RECORDED INFORMATION.
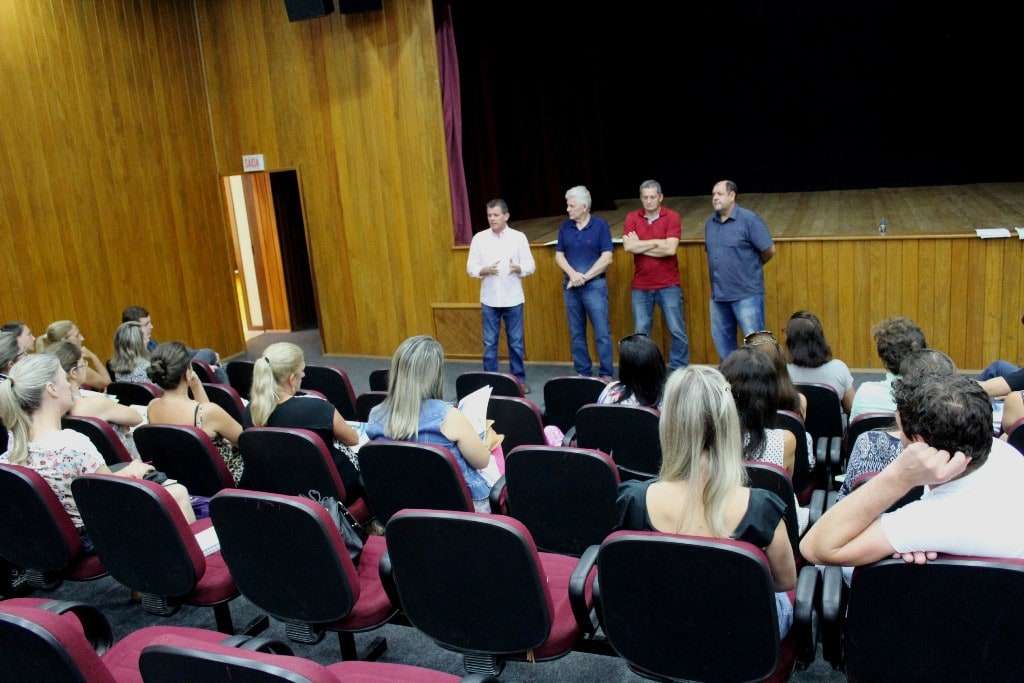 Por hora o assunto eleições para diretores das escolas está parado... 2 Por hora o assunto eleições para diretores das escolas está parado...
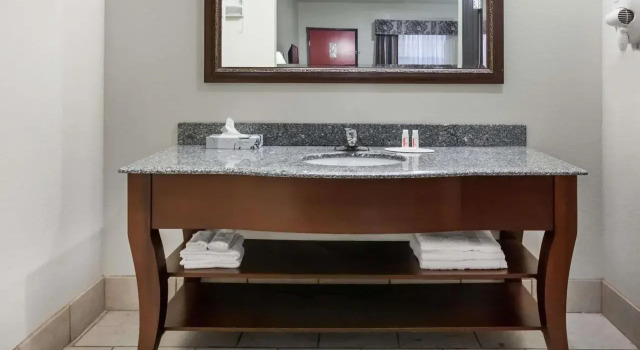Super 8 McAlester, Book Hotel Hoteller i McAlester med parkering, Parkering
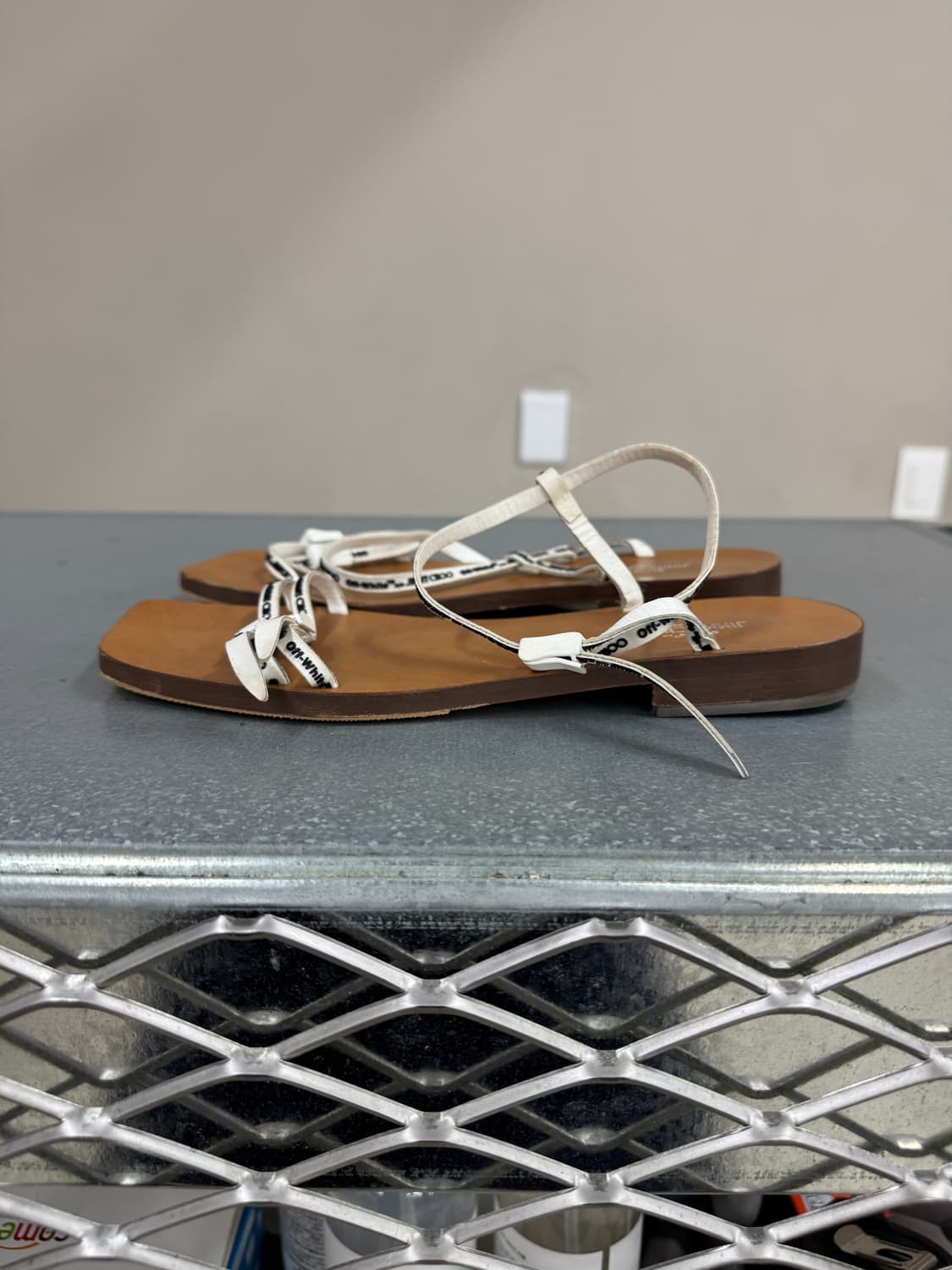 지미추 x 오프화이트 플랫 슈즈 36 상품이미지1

EXERCISE. No picture should be included when the data are set down again exactly.

RESPONSE.
 Por hora o assunto eleições para diretores das escolas está parado... 2 Por hora o assunto eleições para diretores das escolas está parado...
Super 8 McAlester, Book Hotel Hoteller i McAlester med parkering, Parkering
 지미추 x 오프화이트 플랫 슈즈 36 상품이미지1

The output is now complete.